Now, the terrifying find of the… remains of 215 children who were students at one of those boarding schools, the Kamloops Indian residential school has once again put the spotlight on the abuses in these institutions.
The Christian churches were essential in the establishment and operation of such schools.
The Catholic Church, in particular, was responsible for operate up to 70% of the 130 boarding schoolsaccording to the Indian Residential School Survivors Society.
The children were forced to leave their native languageSpeak English or French and convert to Christianity.
Joseph Maud was one of those children. In 1966, at age five, he attended Pine Creek Boarding School in Manitoba.
Students were expected to speak English or French, but Maud spoke only her native Ojibwa.
If the students spoke their own language, their ears were pulled and their mouths rinsed with soap, Maud told the BBC in 2015, when a report by the Truth and Reconciliation Commission (TRC) was published.
“But the biggest pain was the separation of my parents, cousins and uncles and aunts,” Maud told the BBC.
The report described the government-led policy as “cultural genocide”.
“These measures were part of a consistent policy of eliminating Aboriginal people as separate peoples and assimilating them into the Canadian mainstream against their will,” the report’s summary reads.
“The Canadian government pursued this policy of cultural genocide because it wanted to get rid of its legal and financial obligations to Aboriginal people and take control of their land and resources.”
Bad conditions and abuse
The report also describes radical deficiencies in the care and safety of these children, with the complicity of the church and government.
Students were often housed in poorly constructed buildings with poor heating and unhealthy, according to the report. Many had no access to trained medical personnel.
With the work of the CVR, it was estimated that some 6000 children had died while they were in boarding schools. Their bodies rarely returned home and many were buried in unmarked graves.
The Missing Children Project documents the deaths and burials of children and more than 4,100 minors have been identified to date.
But many more members emotional, physical and sexual abuse†
Maud told the BBC in 2015 that she had to kneel on the concrete floor of the chapel because the nuns told her “that’s the only way God listens to you”.
“I cried as I got on my knees and thought, ‘When is this going to end? Someone help me.'”
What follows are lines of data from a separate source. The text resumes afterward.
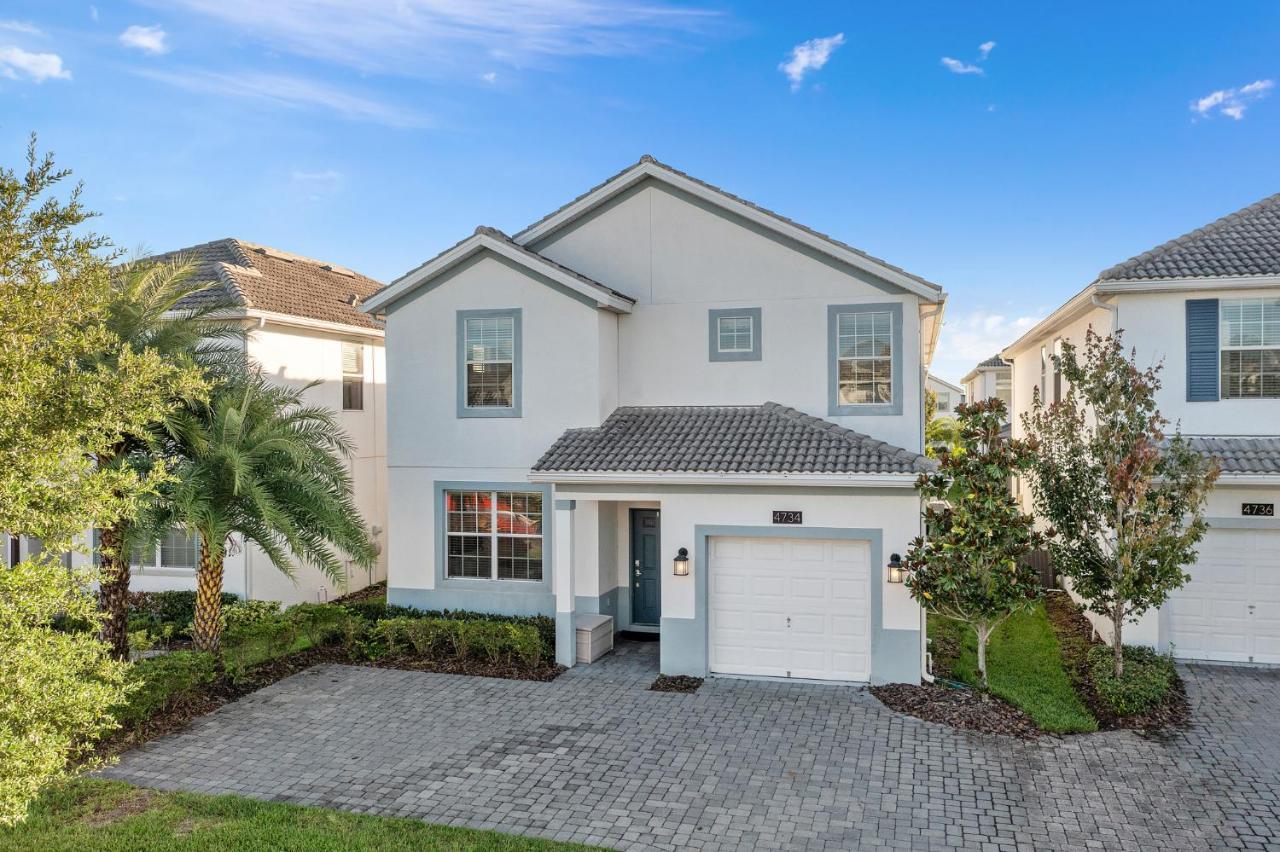 Storeylake Villa W Pool, Close To Disney, Universal Studio Kissimmee Bagian luar foto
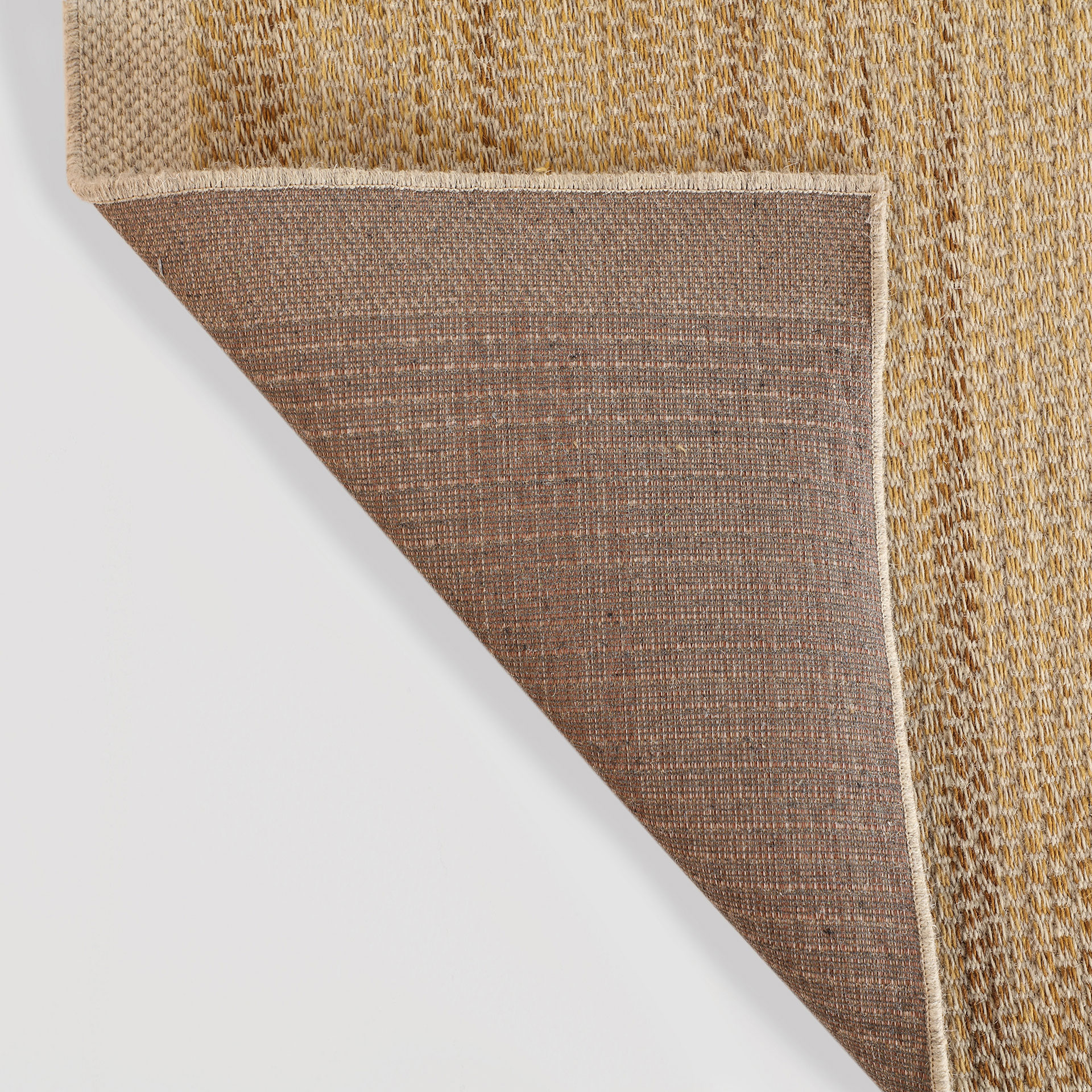 Ковер Quima бежевого цвета 240x347 Vical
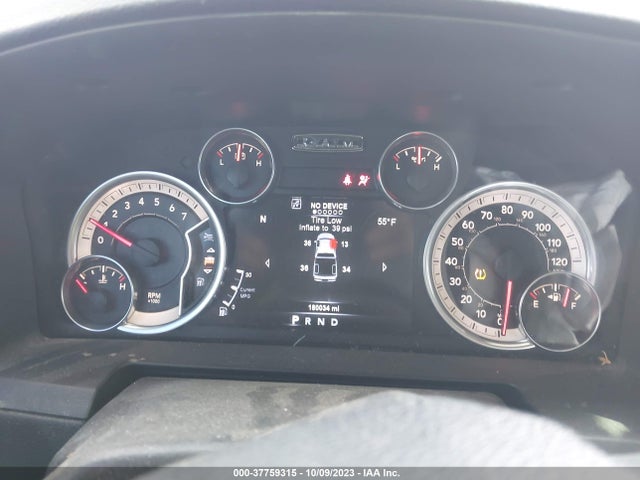 1C6RR7MT2FS683284 RAM 1500 Sport
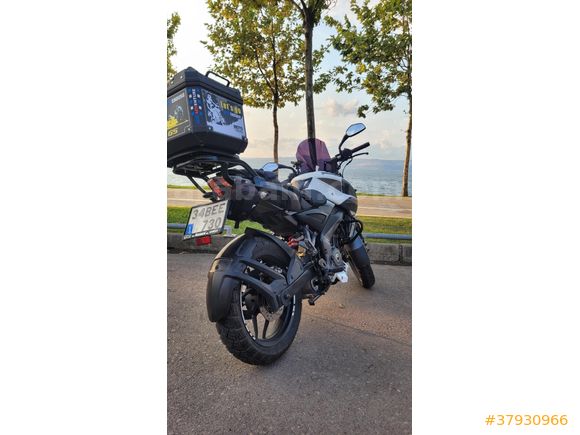 Sahibinden Bajaj Pulsar 200 NS ABS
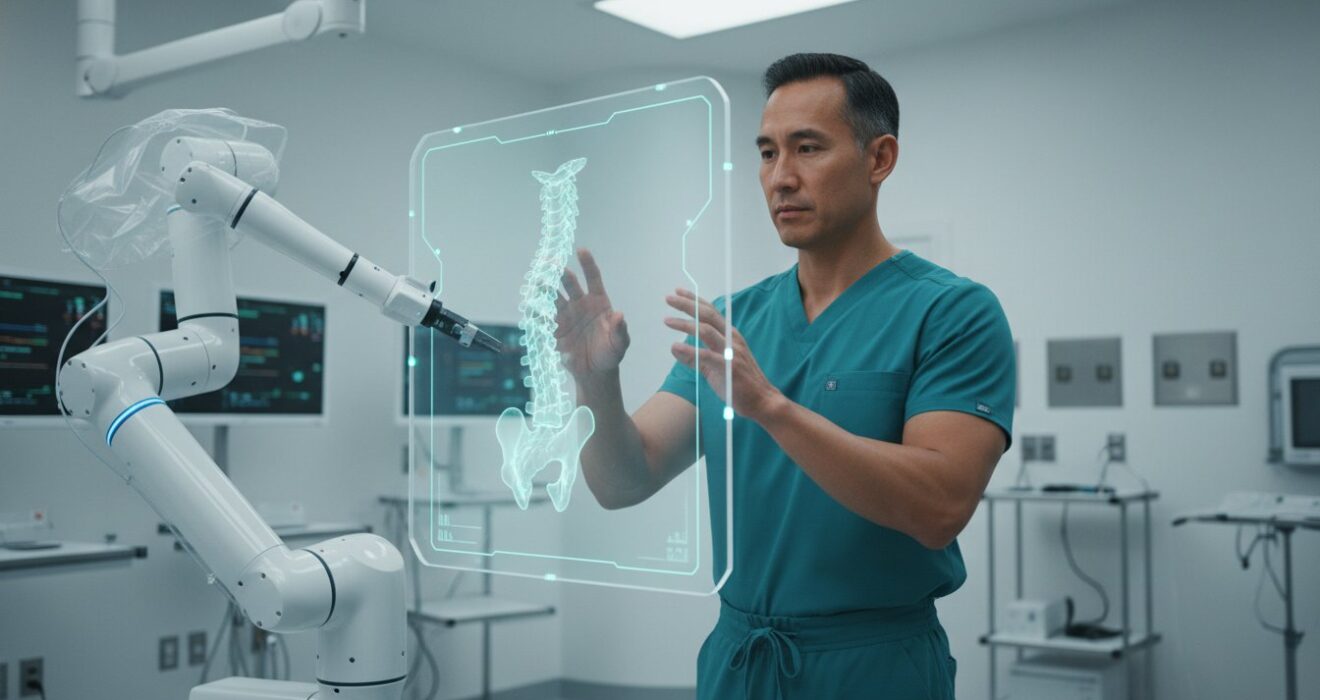 Disc Pain Relief: Top Spine Surgeons in Lewisville & Plano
He remembered that if he wet the bed, the nun in charge of his dorm would rub his face with her own urine.
“It was very humiliating, humiliating. Because I was sleeping in a bedroom with 40 other kids,” he said.
In 2008, the Canadian government formally apologized for the system.
The find at Kamloops School
Operating from 1890 to 1969, Kamloops School was the largest of this type of school system, known as the Indian Residence School System.
Under Catholic rule it came to a up to 500 students when it peaked in the 1950s.
The discovery at the end of May of the remains of at least 215 indigenous children in a mass grave at this school has sparked outrage across the country.
Prime Minister Justin Trudeau called the find a “painful reminder” of a “shameful chapter in our country’s history”.
Trudeau has also urged the Catholic Church to: “take responsibility” for your role in native residential schools.
The central government took over the administration of the school in 1969 and used it until 1978, when it was closed.
“We must have the truth before we can talk about justice, healing and reconciliation,” Trudeau said.